The swing arm mechanism 13 is arranged on the top of the lifting shaft mechanism 12 so as to swing back and forth. The swing arm mechanism 13 is driven to swing back and forth by the second drive mechanism 40 . A swing arm limit sensor 19 is provided for the swing arm mechanism 13 . Specifically, the second driving mechanism 40 includes a second servo motor 41 and a second synchronous belt 42 , and the second servo motor 41 drives the swing arm mechanism 13 to swing back and forth through the second synchronous belt 42 . Moreover, the lifting shaft mechanism 12 is provided with a second casing 21 , and the second casing 21 covers the second driving mechanism 40 .

The telescopic shaft mechanism 14 is arranged on the swing arm mechanism 13 so as to be telescopic back and forth. The telescopic shaft mechanism 14 is driven by the third drive mechanism 50 to telescopically stretch back and forth. A telescopic shaft mechanism 50 is provided with a telescopic limit sensor 22 . Specifically, the third driving mechanism 50 includes a third servo motor 51 and a third synchronous belt (not shown in the figure), and the third servo motor 51 drives the telescopic shaft mechanism 14 to expand and contract back and forth through the third synchronous belt. Moreover, the swing arm mechanism 13 is provided with a third casing 23 , and the third casing 23 covers the third driving mechanism 50 .

The rotating shaft mechanism 15 is rotatably arranged on the outer end of the telescopic shaft mechanism 14. The rotating shaft mechanism 15 is driven by the fourth driving mechanism 60 to rotate back and forth. A rotation limit sensor 24 is provided for the rotating shaft mechanism 15. The rotating shaft mechanism The rotation angle range of 15 is between -180° and 180°, and the reciprocating positioning accuracy of the rotation axis mechanism 15 is between -0.5 mm and 0.5 mm. Specifically, the fourth driving mechanism 60 includes a fourth servo motor 61 and a fourth synchronous belt 62. The fourth servo motor 61 drives the rotating shaft mechanism 15 to rotate back and forth through the fourth synchronous belt 62. The fourth servo motor 61 and the rotating shaft mechanism 15 are located at the two ends of the telescopic shaft mechanism 14 respectively.
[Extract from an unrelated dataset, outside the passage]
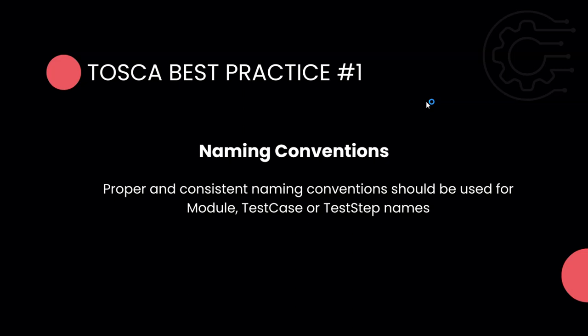It's very important to have proper naming conventions, and it should be followed across the team, not just by you. Proper and consistent naming conventions should be used for module, test case, or the step names in Tricentis Tosca.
Moreover, the telescopic shaft mechanism 14 is provided with a fourth casing 25 , and the fourth casing 25 covers the fourth driving mechanism 60 .
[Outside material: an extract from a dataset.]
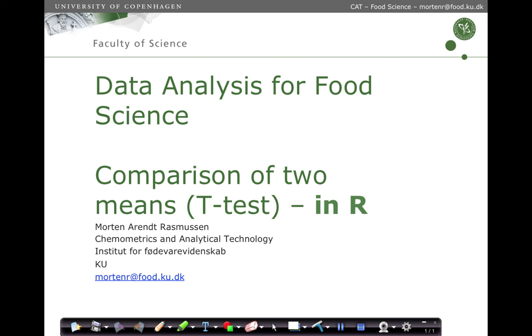So in this movie we are going to talk a little about how to compare two means and especially we are going to go through it in R. In the last movie we went through the mathematics and statistics of the t-tests, so we will skip that for this one, but we are going to use the cookbook presented at the last part of the movie to show you how this is done in R.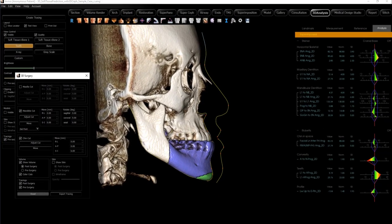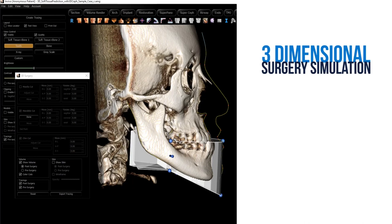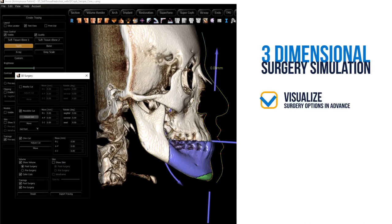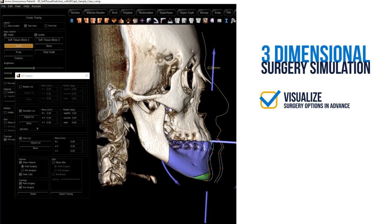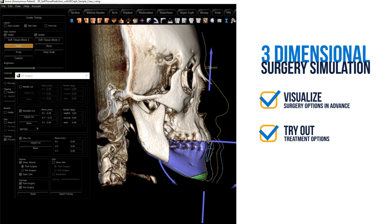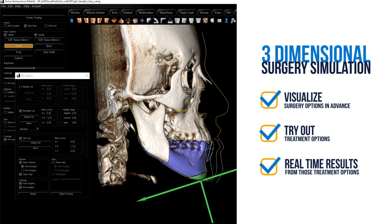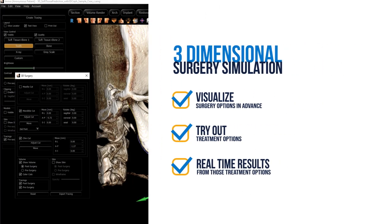3D Surgery Simulation provides the opportunity to visualize surgery options in advance, try out treatment options, and get real-time results from those potential treatment options.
And, the control unit is respectively connected with the lift limit sensor 16 , the swing arm limit sensor 19 , the telescopic limit sensor 22 and the rotation limit sensor 24 through signal lines (not shown in the figure).

The key points of the design of the present invention are: the present invention can carry out actions such as up and down, left and right swing, back and forth stretching, and back and forth rotation to realize automatic loading and unloading, replacing the traditional way of manual loading and unloading, with high control precision and improved material utilization. , to avoid the occurrence of operator safety problems, good safety, and effectively improve production efficiency, good practical effect.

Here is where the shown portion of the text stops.